Kap.36, 37: בן אדם: Sicher nicht ohne tiefen Grund und nicht ohne innigen Zusammenhang mit dem eben Bemerkten wird Ezechiel durchweg „Sohn Adams“ genannt. Derjenige Prophet, der, als einer der letzten, nach der bereits erfolgten nationalen Katastrophe den Blick nur auf die Zukunft zu lenken, deren Ziel u enthüllen und den zu diesem Ziele durch Sündennacht und Menschheitswüste führenden Weg zu erhellen hatte, wird dadurch in unmittelbare Beziehung zu dem ersten Anfang aller Menschheitsgeschichte gebracht.
Der ganzen Geschichte der Menschheit, so wird uns damit gelehrt, liegt ein großer Gottesgedanke zu Grunde. Sie ist nichts als die Ausladung des „Adam“-Begriffes. Die Erziehung zu dessen Verwirklichung bezweckt nichts anderes als die Erreichung derjenigen Bestimmung, die dem als „Adam“, als „Stellvertreter Gottes“ erschaffenen Menschen im Kreise der Schöpfung angewiesen ward. (Siehe zu 1 B.M. 1,26) Im Dienste diese Zieles steht die Berufung Abrahams, die Schöpfung Jissroéls, dafür hat Gott sich auf dem Sinai offenbart, dafür Jissroél sein Gesetz gegeben; für die Erreichung dieses Zieles hat der erste wie der letzte Prophet im Namen Gottes gewirkt, im Dienste der Erreichung dieses Zieles haben die hohen und hehren Männer aller Zeiten in Jissroél gelebt und gelehrt, gekämpft und geduldet, im Dienste der Erreichung dieses Menschheitszieles steht und wirkt der unscheinbarste jüdische Mensch, der seines Gottes Gesetz in seinem Leben und in seinem bescheidensten Kreise zu verwirklichen strebt, und der Ausblick auf die Erreichung diese Zieles bildet den Schlussgedanken aller unserer Gebete.
יושבים על אדמתם: verkürzter Partizipialsatz, der Konstruktion und Apposition zu בית ישראל, wird sodann grammatisch durch den Plural Subjekt des Satzes.

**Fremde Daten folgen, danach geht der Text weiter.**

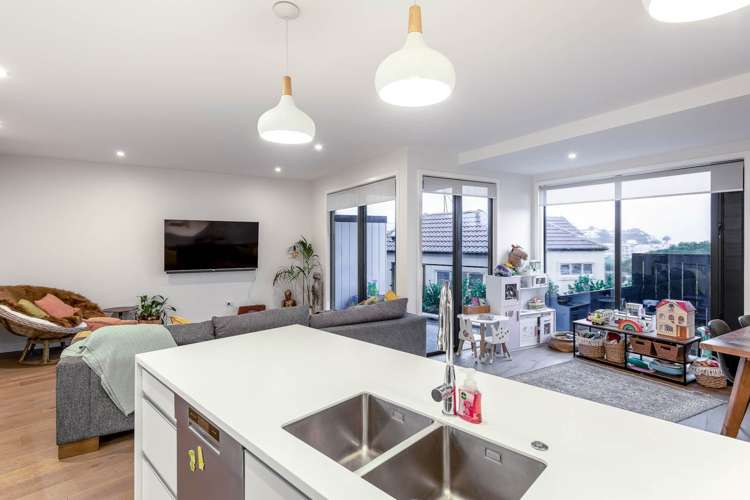 2C Kaimata Street St Heliers_4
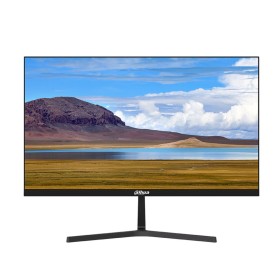 Écran Dahua Dhi-lm27-b200s 27" Full HD LED Noir 75 Hz de Dahua, Ecrans PC - Réf : S5615968, Prix : 113,59 €, Remise : %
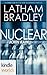 John Rain: Nuclear (Kindle Worlds Short Story)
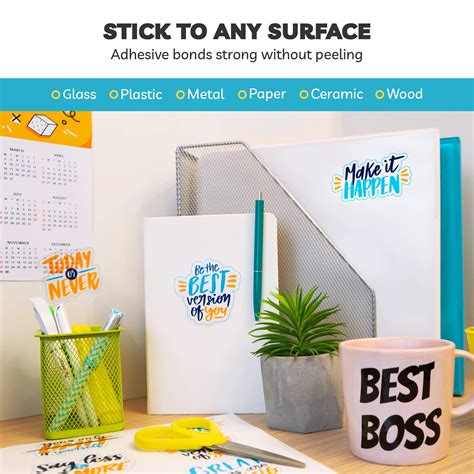 Image result for Printable Clear Sticker Sheets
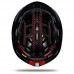 Kask CPSC Infinity Bike Helmet - B01N1YVHNV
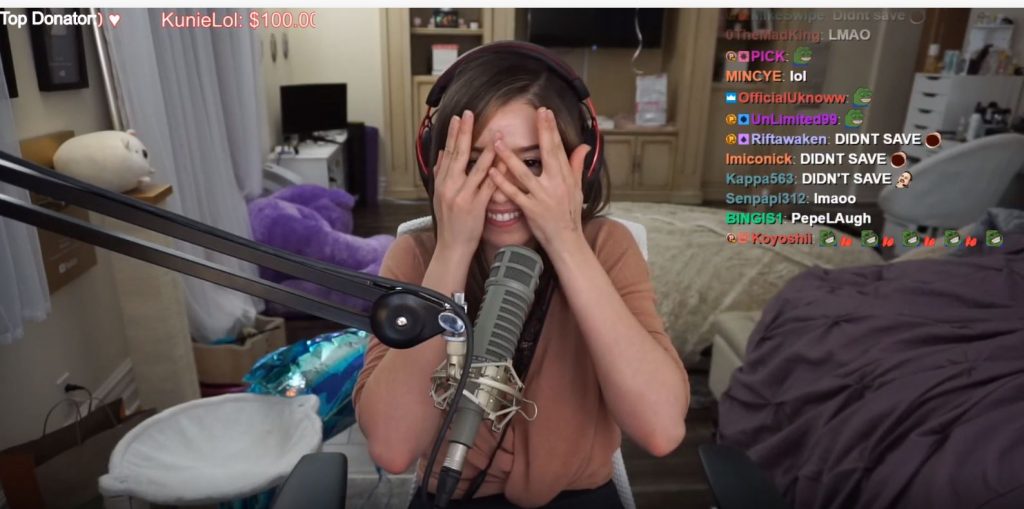 WoW-Classic-Pokimane "classe =" pigro pigro nascosto wp-image-352132 "srcset =" https://dlprivateserver.com/wp-content/uploads/2020/01/Fortnite-Emote-by-Twitch-streamer-is-sweet-as-sugar.jpg 1024w, https://images.mein-mmo .de /medien/2019/05/WoW-Classic-Pokimane-150x75.jpg 150w, https://images.mein-mmo.de/medien/2019/05/WoW-Classic-Pokimane-300x149.jpg 300w, https :/ /images.mein-mmo.de/medien/2019/05/WoW-Classic-Pokimane-768x382.jpg 768w, https://images.mein-mmo.de/media/2019/05/WoW-Classic-Pokimane. jpg 1588w "data-lazy-sizes =" (larghezza massima: 1024px) 100vw, 1024px "></p>
<p>  <strong>Se vuoi avere anche la tua emote in Fortnite, ecco cosa fare:</strong></p>
<p><!-- AI CONTENT END 1 --></div>
<p><!-- .entry-content /-->” post-extra-info=””/>
			</p>
</p></div>

		
		
			</div><!-- .entry-content .clear -->
</div>

	
</article><!-- #post-## -->


	        <nav class=
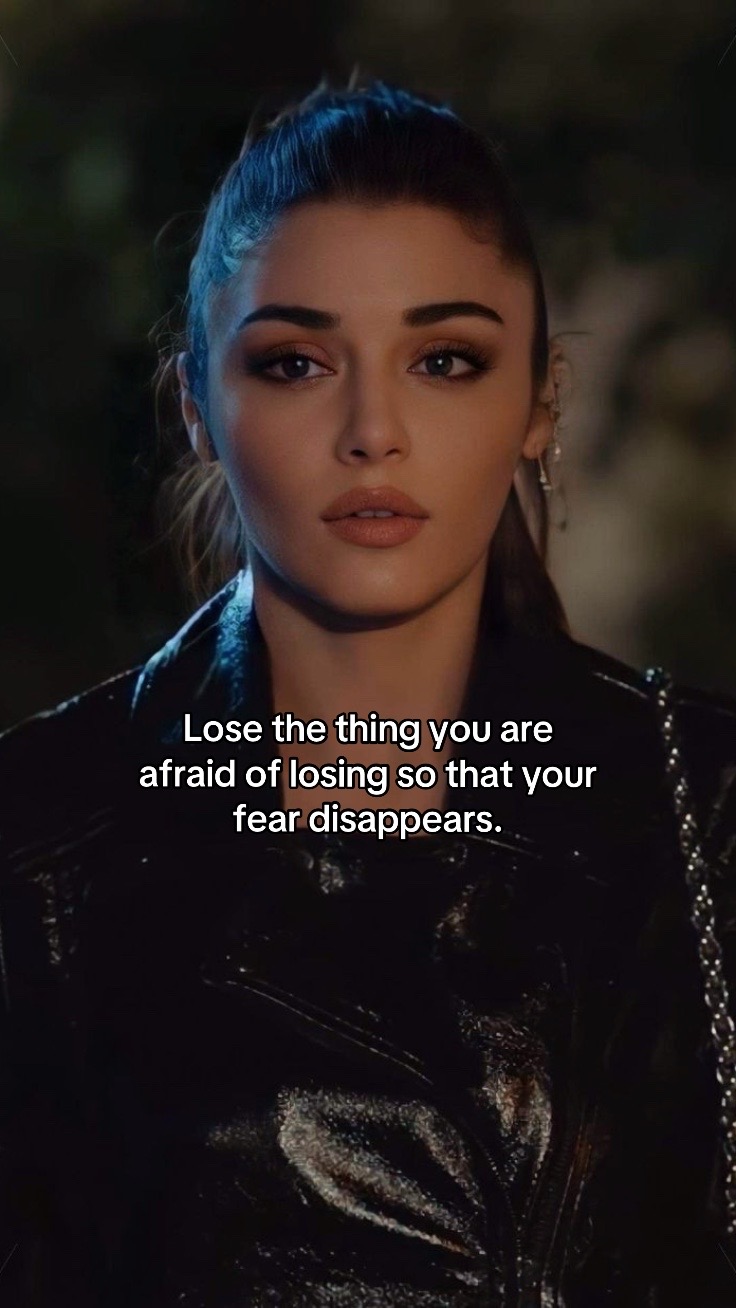 @Mindset_Believer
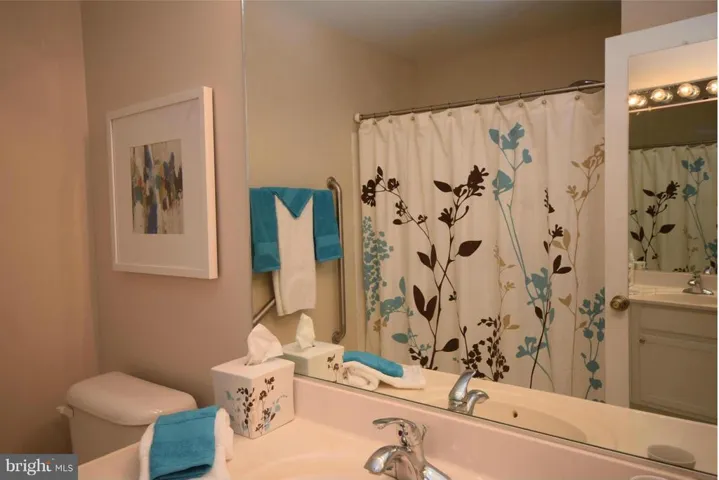 4110 Churchman Way #2-18, Woodbridge, Virginia 22192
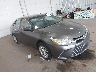 4T1BF1FK6HU****** Salvamento y Destrozados 2017 Toyota Camry en Minneapolis Saint Paul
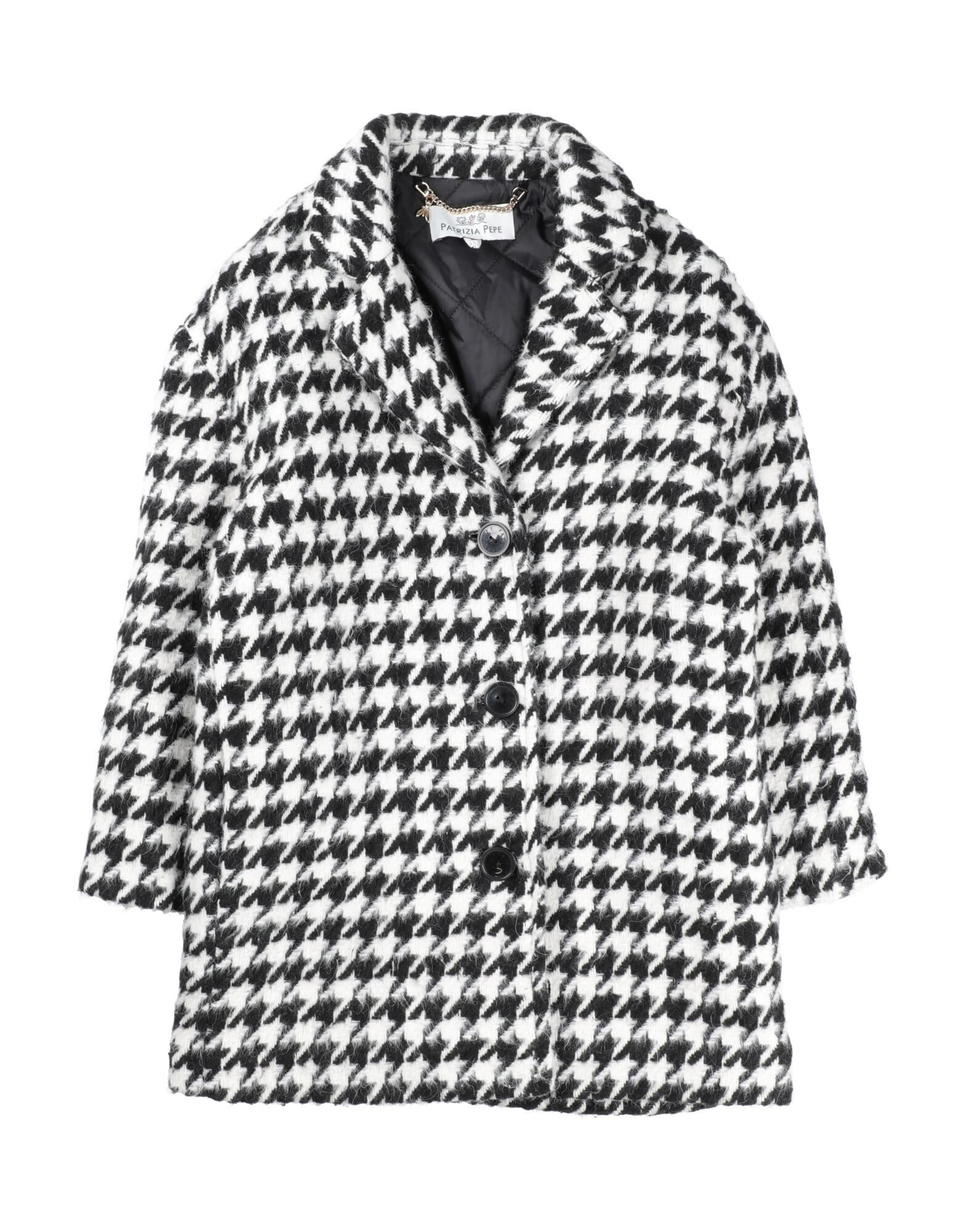 PATRIZIA PEPE - Coats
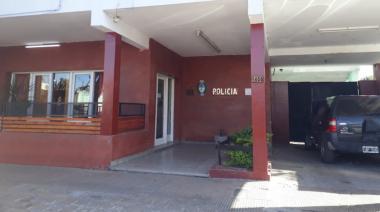 Consumo de drogas y una pelea: las primeras versiones sobre el femicidio de Monte Chingolo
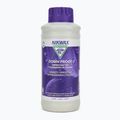 Nikwax Down Proof 1000 ml na oblečenie a vybavenie plnené páperím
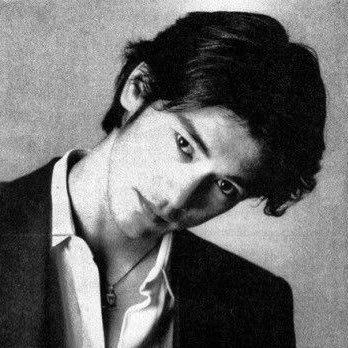 Kerryist04's profile picture. Liberalism with Kerryist Characteristics|White Boy Obsessed With Asia|Eternal Reader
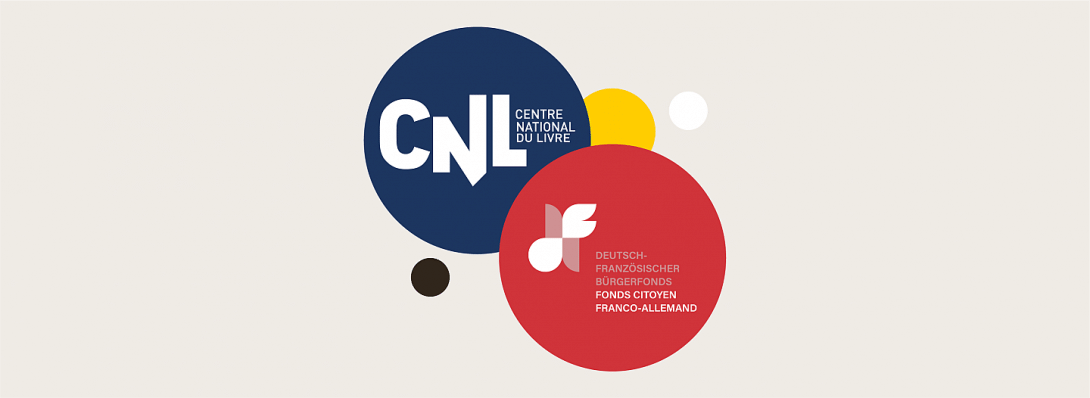 Fonds citoyen 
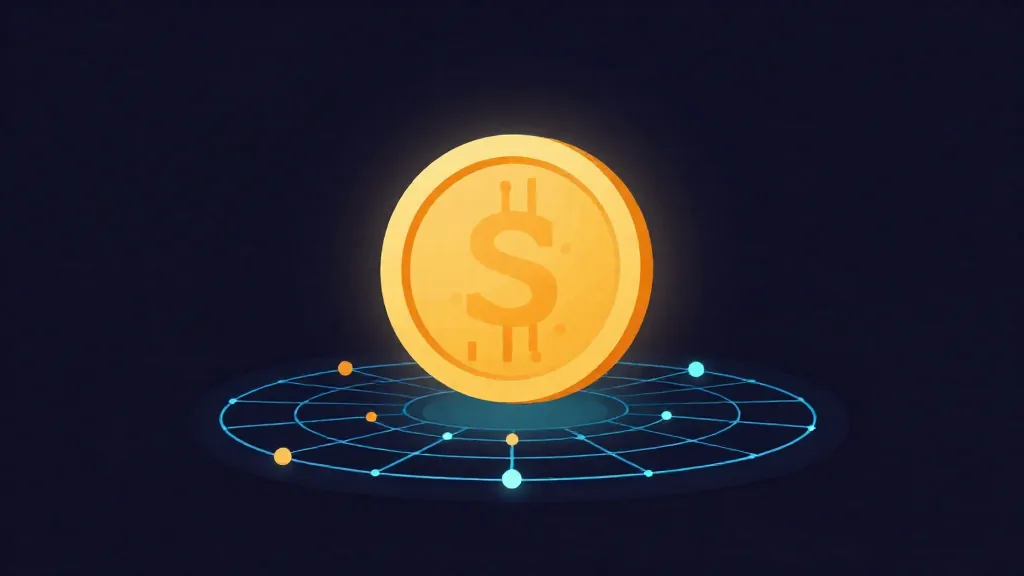 Criptomoeda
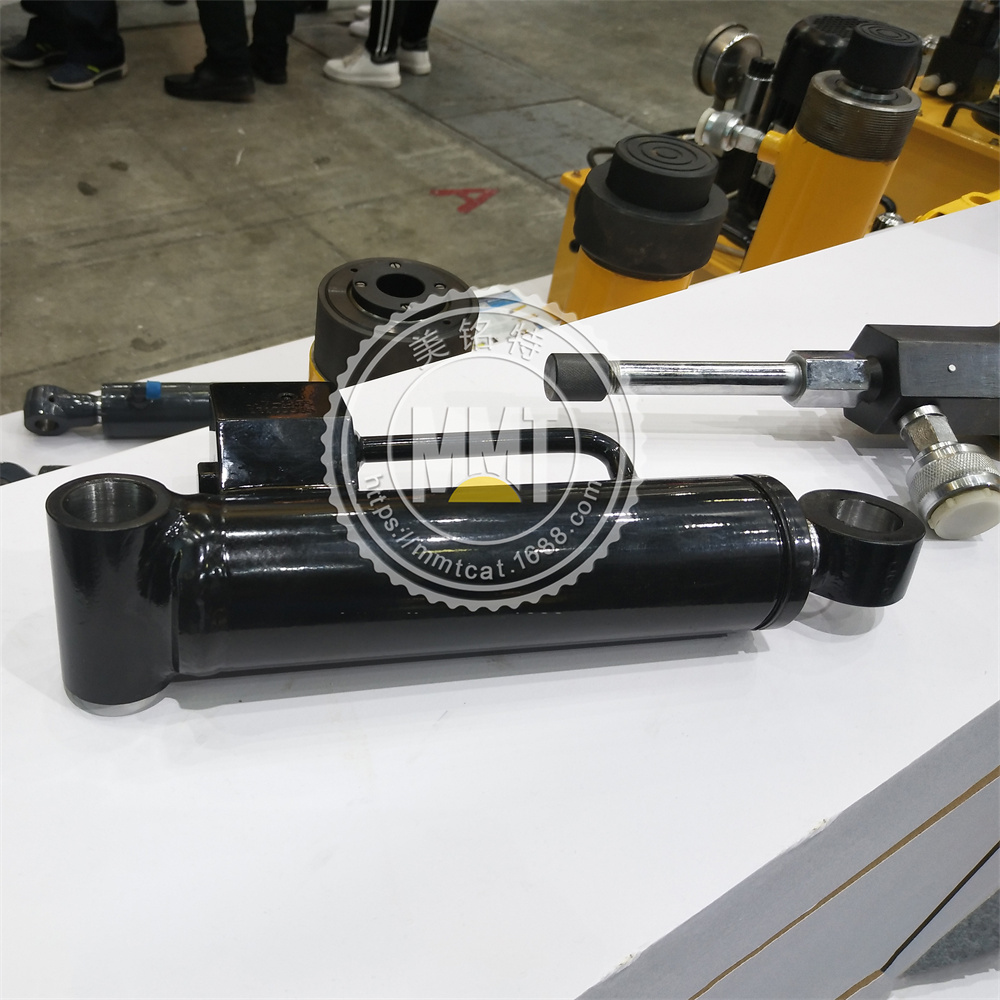 374快换油缸567-1405快速连接器5671405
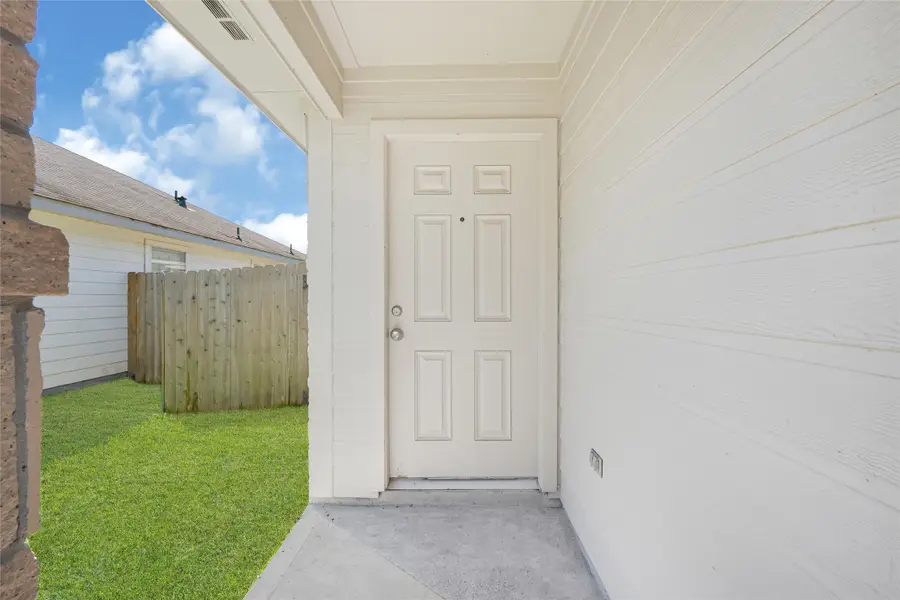 3618 Fiorella Way, Humble, TX 77338 - #3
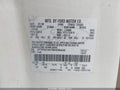 2008 Ford F-150 — photo 9 of 16 | VIN 1FTPW14V78KE96438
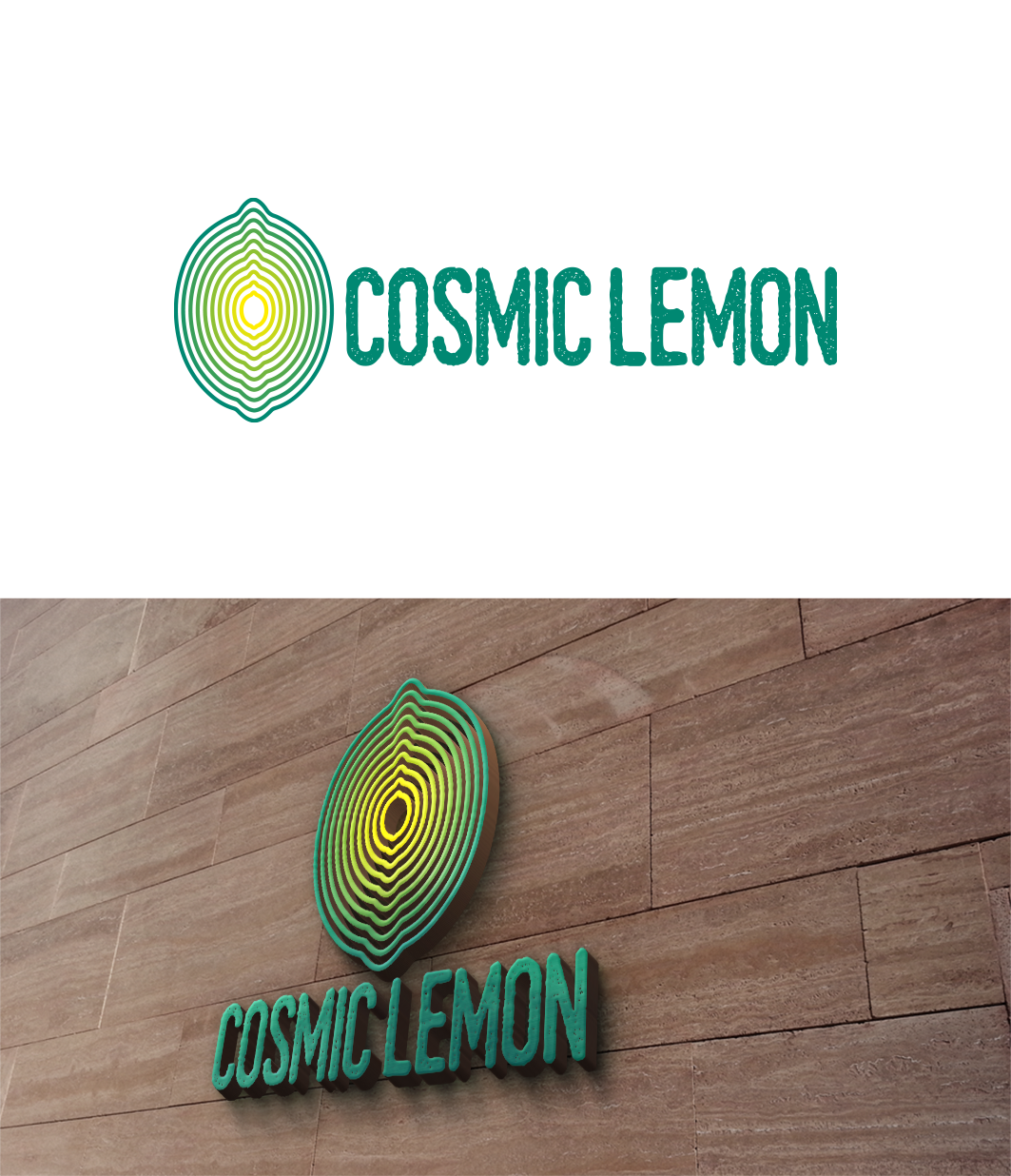 Logo Design by trufya for this project | Design #19231816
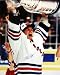 Mike Richter New York Rangers 1994 Stanley Cup 16x20 Autographed Photograph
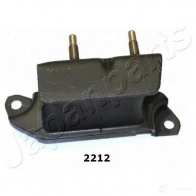 Подушка двигателя JAPANPARTS 8A3X77 1496045 ru2212 RU-221 2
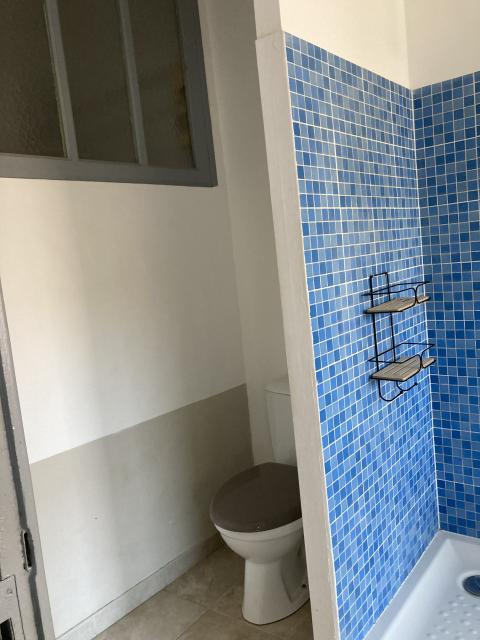 Location appartement T3 Pelissanne - Photo 4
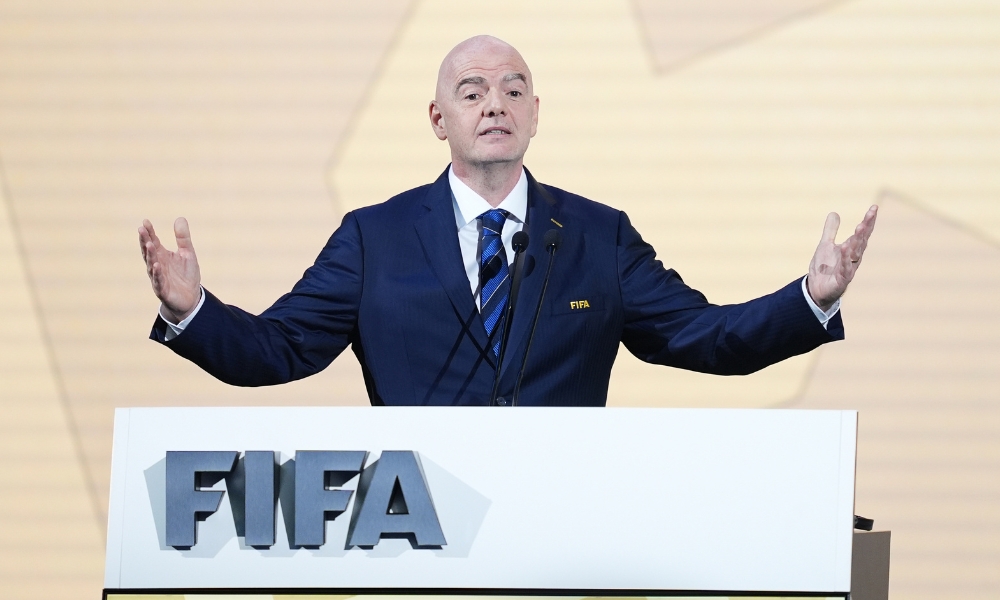 2022-2023赛季DOTA2的三个Major消息来了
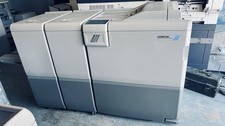 Plockmatic pbm500 bookletmaker for sale  Riverside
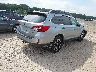 4S4BSBNC0F3****** Salvamento y Destrozados 2015 Subaru Outback en Estado de Ohio
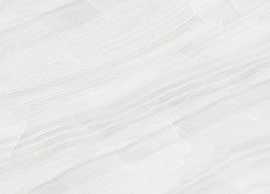 Керамогранит Staro STELIA BIANCO Polished 240x80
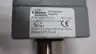 GEMS LS-800E-EX-O-TC-C-K6 FLOAT SENSOR SWITCH 400V-AC/DC thumbnail 5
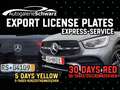 BMW M3 (E92) DTM CHAMPION BRUNO SPENGLER WW 1 VON 54 Schwarz - thumbnail 24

Zuerst als בית ישראל, nach Abstammung und Bestimmung als Einheit angeschaut, wird Jissroél sodann in der Mannigfaltigkeit seiner Glieder als konkrete Vielheit erblickt, um sodann:
V.20 ויבוא אל הגוים, durch den Singular höchst charakteristisch wieder als Einheit bezeichnet zu werden. Denn dieser Vers spricht von der durch die sittliche Mangelhaftigkeit der einzelnen Sprossen des Israelhauses bewirkten Entweihung des göttlichen Namens. Da verkündet dieser Singular nun, zumal in der Verbindung mit dem Plural גוים, die solidarische Haftbarkeit, mit welcher Gesamt-Jissroél im Galuth für jeden Makel eines jeden seiner einzelnen Glieder werde verantwortlich gemacht werden. Und das hat sich erfüllt bis auf den heutigen Tag. In den Augen der Völker bilden wir eine Einheit. Wie verschieden auch die Heimat, gleichviel ob in Deutschland, England, Frankreich oder Amerika, - wie verschieden auch die äußere Stellung, gleichviel ob es sich um einen armen, von Land zu Land, von Kontinent zu Kontinent gehetzten jüdische Paria, oder um eine Finanzgröße handelt, möge dieselben auch noch dazu bis zur letzten Faser schon seit Generationen dem Judentum entfremdet sein – das ändert alles nichts: für das Vergehen, für die Schwäche auch des entferntesten und entfremdesten vereinzelten Gliedes wir die jüdische Gesamtheit und, was noch schmerzlicher, wird das Judentum verantwortlich gemacht. So ungerecht, so perfid diese Generalisierung, diese Übertragung auch ist, wir müssen sie tragen. Das gehört mit zu dem Ernste unserer Aufgabe, zu dem Ernste unseres Geschickes. Um so sorgsamer hat jeder Einzelne über sich zu wachen. Es ist das die ernste Mahnung, die der Prophet Jesajas mit den Worten aussprach הברו נושאי כלי ה'; „Haltet euch rein, ihr seid Träger göttlichen Werkzeugs!“ (S.o. S.348).
…
(Die Haftoroth übersetzt und erläutert, Frankfurt am Main 1896: S. 439- 445 Kommentar zu Ezechiel Kap 36 V.16…)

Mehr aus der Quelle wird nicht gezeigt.